_INPUT DATA_
• • • • • • •

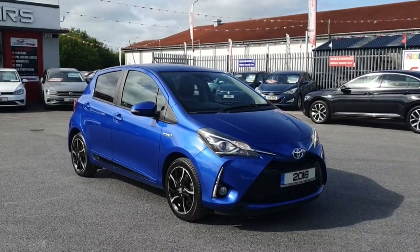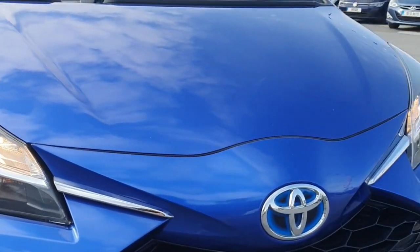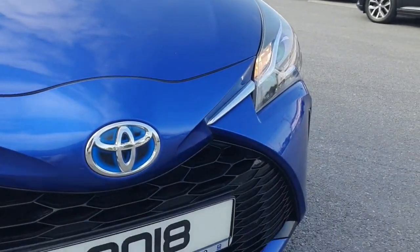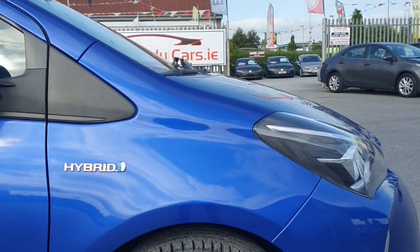Introducing the sleek and efficient 2018 Toyota Yaris VVT-i Design. With a mileage of 132,349 km, this hybrid beauty in blue is perfect for city driving.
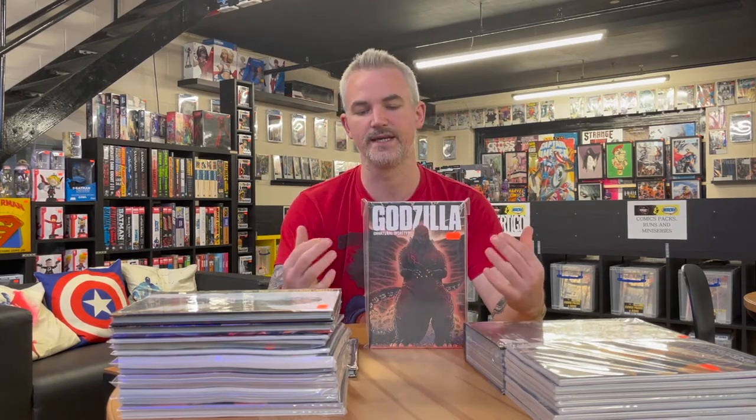Next up we have a Godzilla graphic novel — a collection of three different series under the name Unnatural Disasters, containing Godzilla Legends, Godzilla in Hell, and Godzilla Rage Against Time. It includes work from creators such as James Stokoe, Chris Mowry, Ulysses Farinas, Simon Gane, Dave Wachter, and more. The IDW Godzilla stuff never seems to have big print runs, so it disappears quickly. This collection is essentially the equivalent of an omnibus for those three volumes.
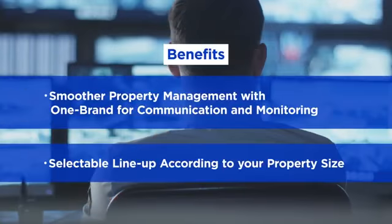It offers the benefits of smoother property management with one brand for communication and monitoring, and a selectable line-up according to your property size. Panasonic Business.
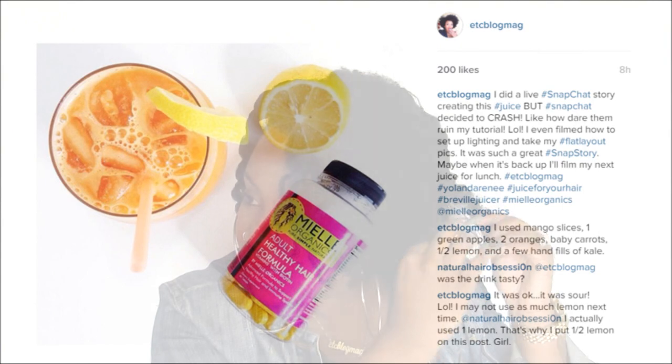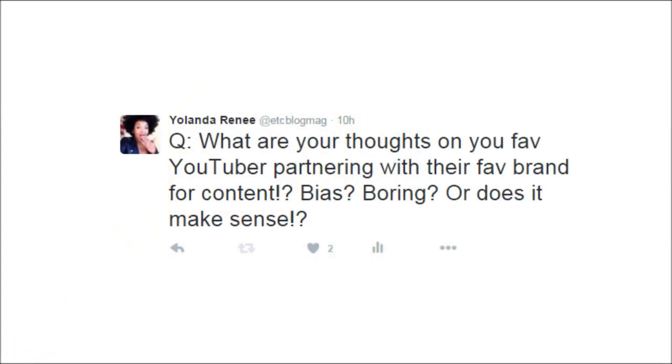Since Snapchat was down I posted a picture of my juice on Instagram and gave people the recipe. I was also on Twitter — I suck at Twitter, I suck at all apps except Instagram and YouTube, but I've been putting effort in this week to try other apps. On Twitter I was thinking about partnering with some of my favorite brands and being exclusive to them.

• • • • • • •

_EXERCISE BRIEF_
Starting at the line that holds "Next up we have", retype every line through the end of the data, both ends included. Pictures stay out of the copy.

_ANSWER AREA_
Next up we have a Godzilla graphic novel — a collection of three different series under the name Unnatural Disasters, containing Godzilla Legends, Godzilla in Hell, and Godzilla Rage Against Time. It includes work from creators such as James Stokoe, Chris Mowry, Ulysses Farinas, Simon Gane, Dave Wachter, and more. The IDW Godzilla stuff never seems to have big print runs, so it disappears quickly. This collection is essentially the equivalent of an omnibus for those three volumes.
It offers the benefits of smoother property management with one brand for communication and monitoring, and a selectable line-up according to your property size. Panasonic Business.
Since Snapchat was down I posted a picture of my juice on Instagram and gave people the recipe. I was also on Twitter — I suck at Twitter, I suck at all apps except Instagram and YouTube, but I've been putting effort in this week to try other apps. On Twitter I was thinking about partnering with some of my favorite brands and being exclusive to them.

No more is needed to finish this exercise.